Kamala Harris Rallies Democrats, Pumps Up Biden and Warns of Trump

On the final day before South Carolina’s primary election officially kicks off the Democratic presidential nominating contest, Vice President Kamala Harris urged supporters not to ignore a contest that is widely expected to be uncompetitive but where she and President Biden are hoping for a morale-lifting rout.

“South Carolina, you are the first primary in the nation, and President Biden and I are counting on you,” Ms. Harris told a crowd on Friday at South Carolina State University in Orangeburg. “Are you ready to make your voices heard? Do we believe in freedom? Do we believe in democracy? Do we believe in opportunity for all, and are we ready to fight for it?”

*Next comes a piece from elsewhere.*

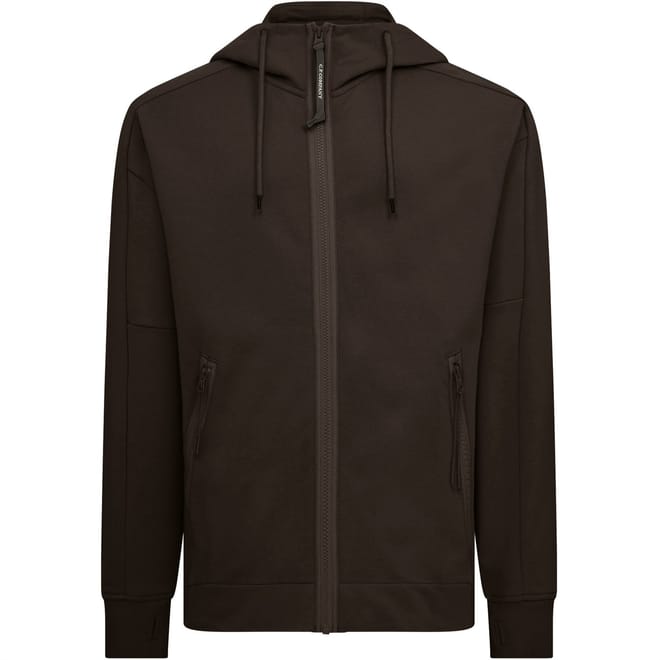 Full Zip Goggle Hoodie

The rally was Ms. Harris’s ninth trip to South Carolina as vice president and was already her third of the year, an indication of the importance she and Mr. Biden’s campaign have placed on a dominant performance to begin their party’s presidential nominating season.

Standing before two banners bearing the slogan “First in the Nation” — with the word “First” underlined — Ms. Harris highlighted the Biden administration’s achievements, including expanding high-speed internet access, increasing federal funding for historically Black colleges and universities, and reducing prescription drug costs.

She also warned supporters about what former President Donald J. Trump could do with another White House term.

“For years, the former president has stoked the fires of hate and bigotry and racism and xenophobia for his own power and political gain,” she said. “The former president has told us who he is, and it is on us, then, to recognize the profound threat he poses to our democracy and to our freedoms.”

The Biden campaign has in recent weeks mounted an intensive campaign to generate support in the Democratic primary race in South Carolina. The campaign’s surrogates have hit the state’s rural counties, an effort that campaign officials and local allies hope will result in strong turnout on Saturday that they can use as an argument that Mr. Biden remains popular with the party’s base.

“For far too long, we’ve been relegated to the back of the bus,” Jaime Harrison, the chairman of the Democratic National Committee and a South Carolinian himself, told the crowd at Ms. Harris’s event. “Now we’re driving the damn bus. I want you to understand what your power is.”

The Biden campaign hired a cadre of senior advisers in the state — which is reliably Republican and not expected to be a general-election battleground — before it did so in Arizona and Pennsylvania, which are certain to be hotly contested through the fall.

Mr. Biden’s campaign spent more than $172,000 on television advertising in South Carolina, according to AdImpact, a media tracking firm. A supportive super PAC, Unite the Country, invested another $63,000.

Before the rally, Ms. Harris met with a group of local faith leaders at a gathering that was closed to the news media. The Rev. Nelson B. Rivers III, a pastor from North Charleston, S.C., who led the session, said Ms. Harris had faced questions about health care, student debt and gun violence.

“A lot of the questions were about the environment in America today, the social environment,” Mr. Rivers said. “She didn’t duck any questions. She answered them all straightforward.”